A German academic has unearthed evidence showing former U.S. Secretary of State Henry Kissinger once discussed a coup with disgruntled Nazis to overthrow the West German government in the 1970s.
Kissinger and Richard Nixon were aggrieved at the left-leaning government of the day’s burgeoning friendship with the hardline East German government.
Kissinger became the contact man for a secret spy network made up of old Nazis and elite aristocrats aimed at torpedoing the plans formulated by Chancellor Willy Brandt.
By the end of 1970, Kissinger was offering the spies advice on how to deal with Brandt’s Social Democratic government.
The group he became embroiled with was called ‘The Little Service’ and was formed by the conservative Christian Democratic Union (CDU), which was allied with Bavaria’s Christian Social Union.

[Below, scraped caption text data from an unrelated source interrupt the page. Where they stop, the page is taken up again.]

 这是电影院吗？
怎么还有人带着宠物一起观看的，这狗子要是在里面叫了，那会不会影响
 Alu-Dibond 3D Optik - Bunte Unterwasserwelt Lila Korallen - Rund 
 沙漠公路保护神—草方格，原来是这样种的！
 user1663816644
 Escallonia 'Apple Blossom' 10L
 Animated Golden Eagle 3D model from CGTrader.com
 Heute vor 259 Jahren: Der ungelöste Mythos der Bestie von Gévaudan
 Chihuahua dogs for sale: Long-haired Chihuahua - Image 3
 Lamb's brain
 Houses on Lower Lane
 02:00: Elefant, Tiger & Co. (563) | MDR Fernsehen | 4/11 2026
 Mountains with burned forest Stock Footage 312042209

One agent who visited Kissinger quoted him saying, ‘It might be possible to overthrow the current government, but it remains to be seen whether this would involve risks which could put a Christian Democratic Union (CDU)/ Christian Social Union (CSU) government in great difficulty.

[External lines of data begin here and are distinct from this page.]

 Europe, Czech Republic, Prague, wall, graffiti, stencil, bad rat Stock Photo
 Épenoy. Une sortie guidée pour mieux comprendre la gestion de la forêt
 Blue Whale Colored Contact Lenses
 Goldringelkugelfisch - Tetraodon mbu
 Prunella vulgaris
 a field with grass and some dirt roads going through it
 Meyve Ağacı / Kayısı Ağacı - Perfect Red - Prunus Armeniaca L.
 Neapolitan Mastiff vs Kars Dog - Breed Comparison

Whether Kissinger, the architect of the disastrous secret bombing of Cambodia in the Vietnam War which paved the way for the Khmer Rouge regime and its hideous genocide programme, approved of the plan to usurp the elected government of the day is unclear.

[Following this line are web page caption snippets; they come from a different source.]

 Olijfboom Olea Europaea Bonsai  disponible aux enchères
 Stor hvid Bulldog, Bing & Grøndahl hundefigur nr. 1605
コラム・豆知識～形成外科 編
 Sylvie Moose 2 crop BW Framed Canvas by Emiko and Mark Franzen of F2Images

The group he became embroiled with was called ‘The Little Service’ and was formed by the conservative CDU party.
Brandt pursued a policy of engagement with the German Democratic Republic, convinced it was better to build bridges with the dictatorship to defuse Cold War tensions rather than always being at loggerheads. For the all-white, all male conservatives of the CDU, this was too much.
They wanted West Germany to face off against the Soviet-backed regime in the belief that isolation would make it crumble. It was out of this belief that its private spy organisation, made up of many former Gestapo and SS men as well as titled barons and counts, was formed.